Ainsi mieux défini, le peuple est le ralliement des vrais fils de la patrie, la phalange des patriotes. Ces fils véritables de la patrie se distinguent des simples citoyens de droit par leurs choix de comportement par rapport aux valeurs contenues dans les idéaux des pères fondateurs. Ils nourrissent la conscience du bien collectif et recherchent en tout moment l’intérêt général de la nation.

Pour illustrer avec de grands exemples modernes connus, nous dirons que sous les Nazi en 1939-44, la France occupée ne comptait pas parmi ses vrais fils de la patrie ceux qui collaboraient avec l’envahisseur. Ceux qui avaient mis les biens de l’Etat au service de l’occupant tyran, ceux qui offraient et fournissaient des prestations de services de tous genres à l’oppresseur du moment, celles qui devenaient des copines et maitresses des envahisseurs allemands n’étaient vus que comme des citoyens ‘dégénérés’ qui s’activaient égoïstement à la marge de l’esprit résistant du peuple en lutte vers la libération.

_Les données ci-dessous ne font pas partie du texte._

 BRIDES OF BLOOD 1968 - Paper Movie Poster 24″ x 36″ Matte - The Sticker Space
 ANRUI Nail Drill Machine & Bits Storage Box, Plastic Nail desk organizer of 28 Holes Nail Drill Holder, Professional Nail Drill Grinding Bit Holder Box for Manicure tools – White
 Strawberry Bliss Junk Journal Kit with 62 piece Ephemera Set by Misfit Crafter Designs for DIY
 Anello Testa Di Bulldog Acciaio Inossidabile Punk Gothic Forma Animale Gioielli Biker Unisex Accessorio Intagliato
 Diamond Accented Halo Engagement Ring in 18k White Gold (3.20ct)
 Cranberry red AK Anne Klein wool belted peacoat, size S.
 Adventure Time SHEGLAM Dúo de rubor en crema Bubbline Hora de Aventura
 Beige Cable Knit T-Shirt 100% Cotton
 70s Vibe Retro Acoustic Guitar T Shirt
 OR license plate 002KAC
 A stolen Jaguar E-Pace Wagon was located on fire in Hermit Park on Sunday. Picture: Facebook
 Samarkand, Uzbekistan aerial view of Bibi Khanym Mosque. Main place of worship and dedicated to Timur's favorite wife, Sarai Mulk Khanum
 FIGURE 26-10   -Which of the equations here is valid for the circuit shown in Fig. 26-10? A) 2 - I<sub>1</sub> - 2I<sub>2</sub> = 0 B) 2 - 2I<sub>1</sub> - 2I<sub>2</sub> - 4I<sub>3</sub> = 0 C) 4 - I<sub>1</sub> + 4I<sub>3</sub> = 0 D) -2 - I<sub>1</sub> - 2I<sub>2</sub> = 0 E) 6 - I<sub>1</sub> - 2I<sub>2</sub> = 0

Et avant cette période éprouvante en France, loin dans l’histoire, deux cents ans auparavant, quand il fallait renverser la monarchie pour établir la république, c’était uniquement tous ceux qui réclamaient l’abolition des privilèges indus, revendiquaient la proclamation des droits universels de l’homme qui étaient désignés Peuple. Tout le reste, les loyalistes qui affichaient leur subordination à la monarchie, bien que citoyens de la France, ne faisaient pas partie du peuple en acte. Le même schéma est vérifié pour la révolution américaine en 1776 contre la monarchie anglaise avant celle des Français de 1789.

Donc en temps particulier de changement radical de la trajectoire politique nationale ce sont ceux qui portent l’esprit mouvant de la volonté générale légitime qui constituent le Peuple. Par contre les factions égoïstes et sectaires calculateurs qui retardent le changement ne sont que des citoyens inadaptés à voir la lumière rapprochée du futur collectif imminent. Bien que bénéficiant des droits généraux, ces récalcitrants échouent à se hisser au rang des fils élus du Peuple, des patriotes.

Conclure

Le peuple est toujours l’esprit national fondateur réincarné en souffle de vie dans l’âme de certains citoyens qui s’auto-choisissent dans une prise de conscience. Ladite prise de conscience particulière est faite de la souvenance du passé prophétique des aïeuls, des ancêtres inspirateurs. Ce groupe élu, cette masse de citoyens auto-choisis forme le peuple et représente l’esprit national en labeur vers un futur glorieux, une prospérité nationale qui n’est qu’un bien commun général.

Le choix, l’élection de soi pour appartenir à cette masse ‘ré-incarnatrice’ de l’Esprit qui renouvelle la promesse ancestrale à travers une transformation socio-culturelle, mieux une révolution politique est un geste salvateur cyclique qui revient de génération en génération.

Le peuple en définitif ce n’est pas le ramassis indistinct de la population entière ni l’agrégat dissolu de tous les citoyens de droit. Par contre Le Peuple c’est l’Esprit renouvelé des ancêtres en quelques-uns mis en marche vers la promesse initiale, vers la vision originelle. Et pour le Peuple du Togo la promesse ancestrale originelle et fondatrice est l’OR DE L’HUMANITE.